1.Definitions. Words or phrases that are initially capitalized or are within quotation marks shall have the meanings provided in this Section and as provided elsewhere herein. For purposes of this Agreement, the following definitions apply:

(a)“Affiliates” shall mean all persons and entities directly or indirectly controlling, controlled by or under common control with the Company, where control may be by management authority, contract or equity interest.

(b)Cause” shall mean:

(i)The Employee’s gross negligence or willful misconduct in performance of Employee’s duties to the Company, where such gross negligence or willful misconduct has resulted in or reasonably could result in material damage to the Company or any of its Affiliates or successors; or

(ii)The Employee’s commission of any act of fraud, embezzlement or professional dishonesty with respect to the business of the Company or any of its Affiliates; or

(iii)The Employee’s commission of a felony or crime involving moral

turpitude; or

(iv)The Employee’s material breach of any provision of this Agreement or

any other written agreement between Employee and the Company; or

(v)The Employee’s failure to comply with lawful directives of the Company, which has caused or which reasonably could cause damage to the Company or any of its Affiliates or successors.

(c)Change in Control” shall mean:

(i)a sale of all or substantially all of the Parent’s assets; or


(ii)any merger, consolidation or other business combination transaction of the Parent with or into another corporation, entity or person, other than a transaction in which the holders of at least a majority of the shares of voting capital shares of the Parent outstanding immediately prior to such transaction continue to hold (either by such shares remaining outstanding or by their being converted into voting capital shares of the surviving entity) a majority of the total voting power represented by the voting capital shares of the Parent (or the surviving entity) outstanding immediately after such transaction; or

(iii)the direct or indirect acquisition (including by way of a tender or exchange offer) by any person, or persons acting as a group, of beneficial ownership or a right to acquire beneficial ownership of shares representing a majority of the voting power of the then outstanding shares of capital shares of the Parent.
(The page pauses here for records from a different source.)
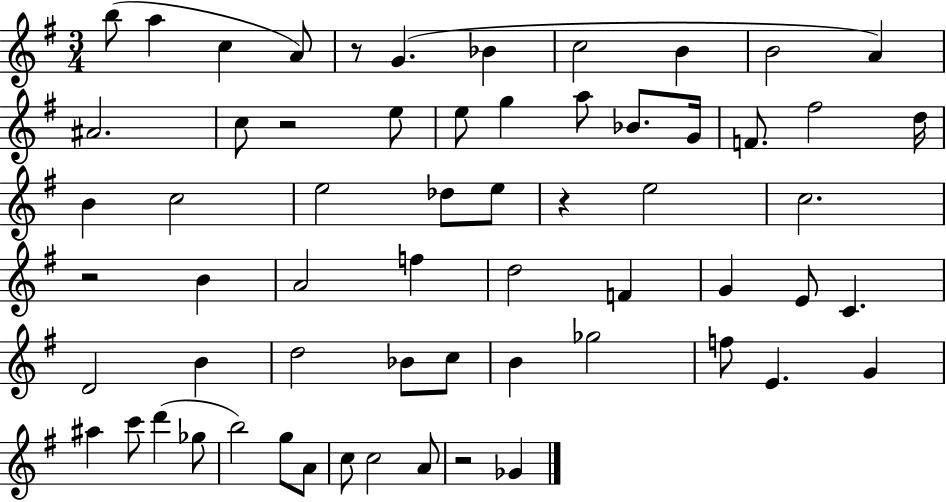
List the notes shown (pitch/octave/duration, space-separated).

B5/e A5/q C5/q A4/e R/e G4/q. Bb4/q C5/h B4/q B4/h A4/q A#4/h. C5/e R/h E5/e E5/e G5/q A5/e Bb4/e. G4/s F4/e. F#5/h D5/s B4/q C5/h E5/h Db5/e E5/e R/q E5/h C5/h. R/h B4/q A4/h F5/q D5/h F4/q G4/q E4/e C4/q. D4/h B4/q D5/h Bb4/e C5/e B4/q Gb5/h F5/e E4/q. G4/q A#5/q C6/e D6/q Gb5/e B5/h G5/e A4/e C5/e C5/h A4/e R/h Gb4/q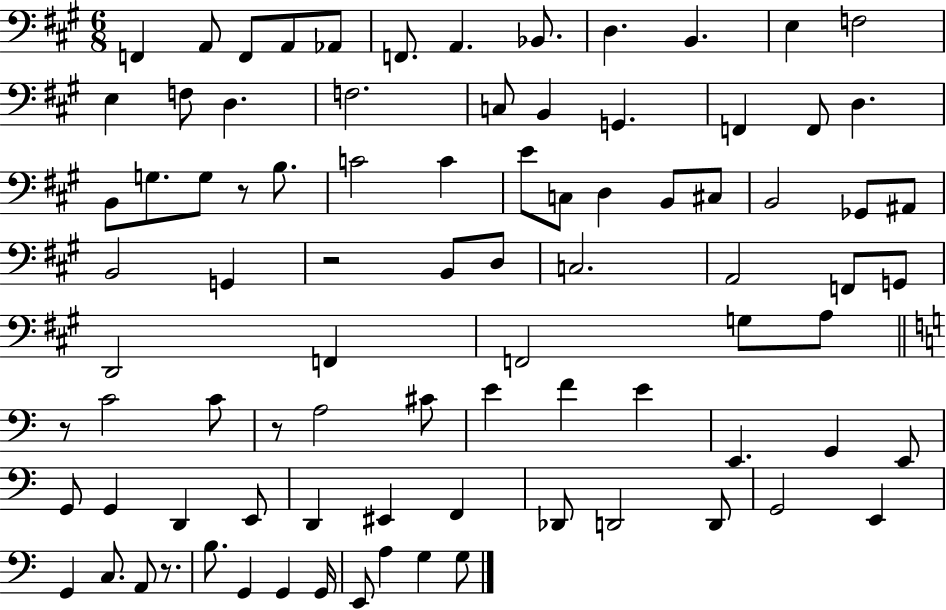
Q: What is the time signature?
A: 6/8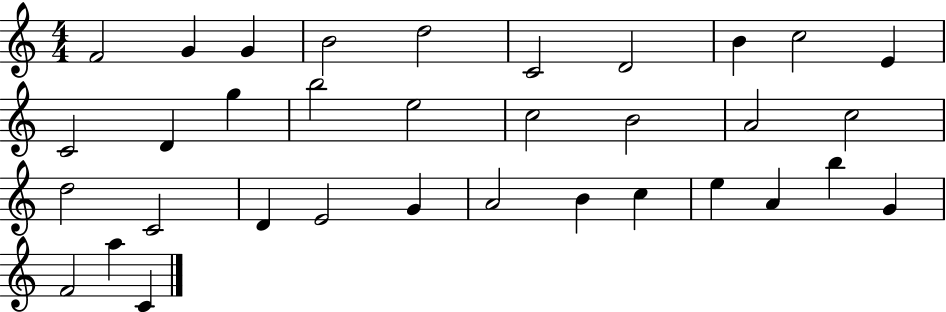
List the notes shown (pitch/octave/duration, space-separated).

F4/h G4/q G4/q B4/h D5/h C4/h D4/h B4/q C5/h E4/q C4/h D4/q G5/q B5/h E5/h C5/h B4/h A4/h C5/h D5/h C4/h D4/q E4/h G4/q A4/h B4/q C5/q E5/q A4/q B5/q G4/q F4/h A5/q C4/q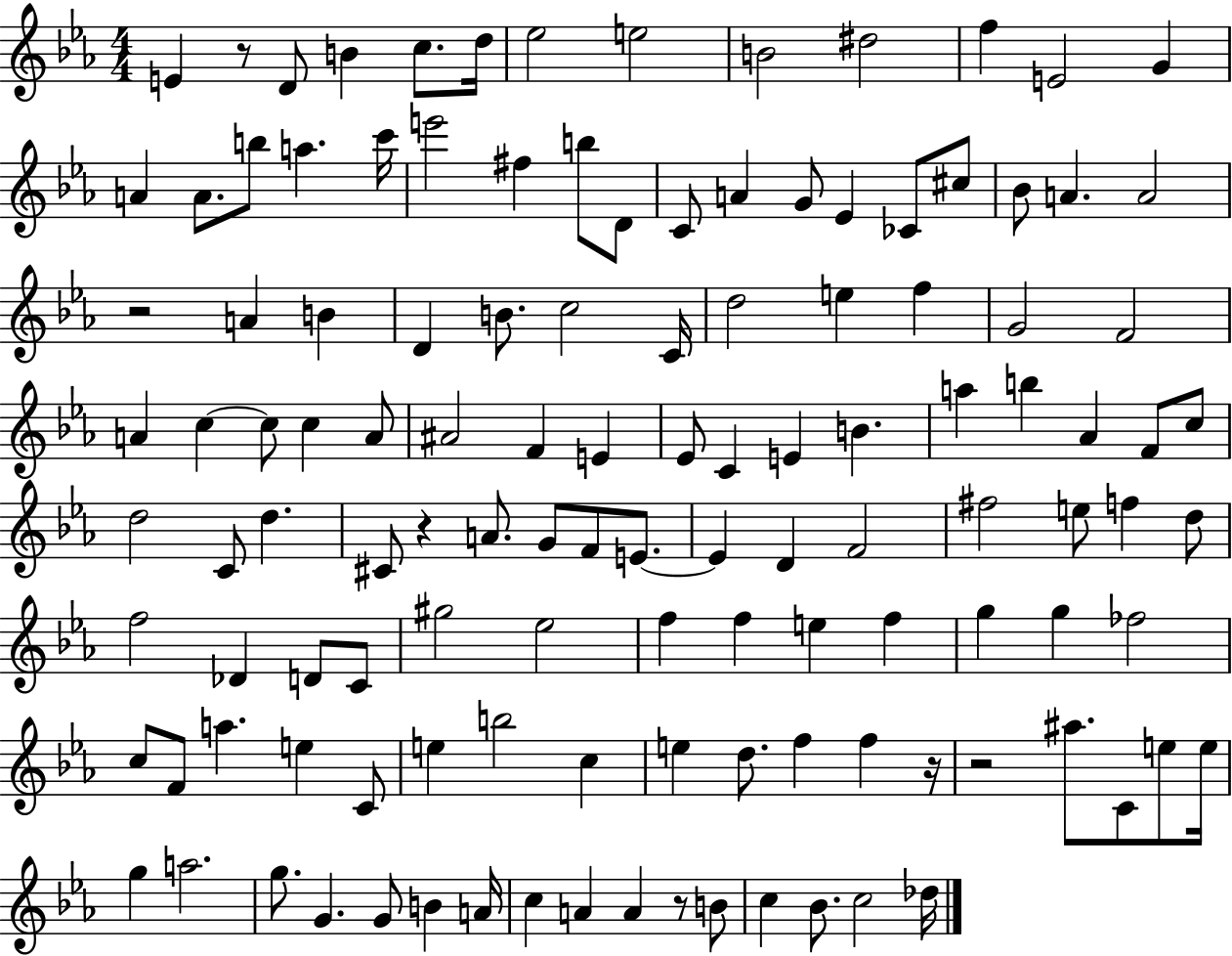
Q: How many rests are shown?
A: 6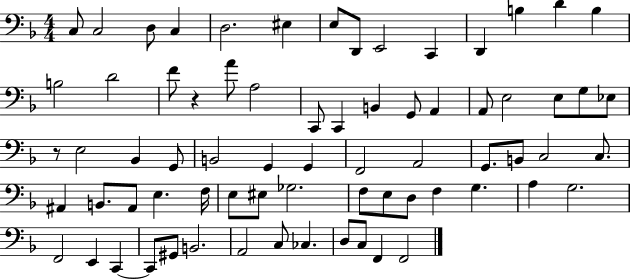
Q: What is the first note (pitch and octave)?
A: C3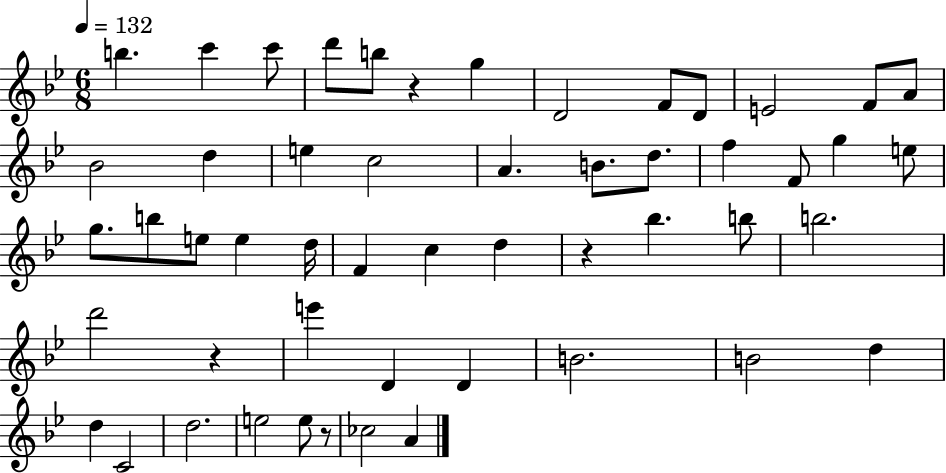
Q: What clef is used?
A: treble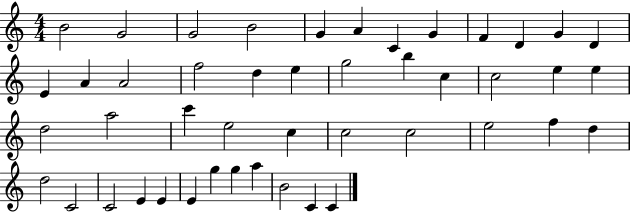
{
  \clef treble
  \numericTimeSignature
  \time 4/4
  \key c \major
  b'2 g'2 | g'2 b'2 | g'4 a'4 c'4 g'4 | f'4 d'4 g'4 d'4 | \break e'4 a'4 a'2 | f''2 d''4 e''4 | g''2 b''4 c''4 | c''2 e''4 e''4 | \break d''2 a''2 | c'''4 e''2 c''4 | c''2 c''2 | e''2 f''4 d''4 | \break d''2 c'2 | c'2 e'4 e'4 | e'4 g''4 g''4 a''4 | b'2 c'4 c'4 | \break \bar "|."
}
Notwithstanding the foregoing, a Change in Control shall not be deemed to occur:

(A)on account of the acquisition of voting capital shares by any institutional investor or any affiliate thereof or any other person, or persons acting as a group, that acquires the Parent’s voting capital shares in a transaction or series of related transactions that are primarily a private financing transaction for the Parent, or

(B)solely because the level of ownership held by any institutional investor or any affiliate thereof or any other person, or persons acting as a group (the “Subject Person”), exceeds the designated percentage threshold of the outstanding voting capital shares as a result of a repurchase or other acquisition of voting capital shares by the Parent reducing the number of shares outstanding, provided that if a Change in Control would occur (but for the operation of this sentence) as a result of the acquisition voting capital shares by the Parent, and after such share acquisition, the Subject Person becomes the owner of any additional voting capital shares that, assuming the repurchase or other acquisition had not occurred, increases the percentage of the then outstanding voting capital shares owned by such Subject Person over the designated percentage threshold, then a Change in Control shall be deemed to occur.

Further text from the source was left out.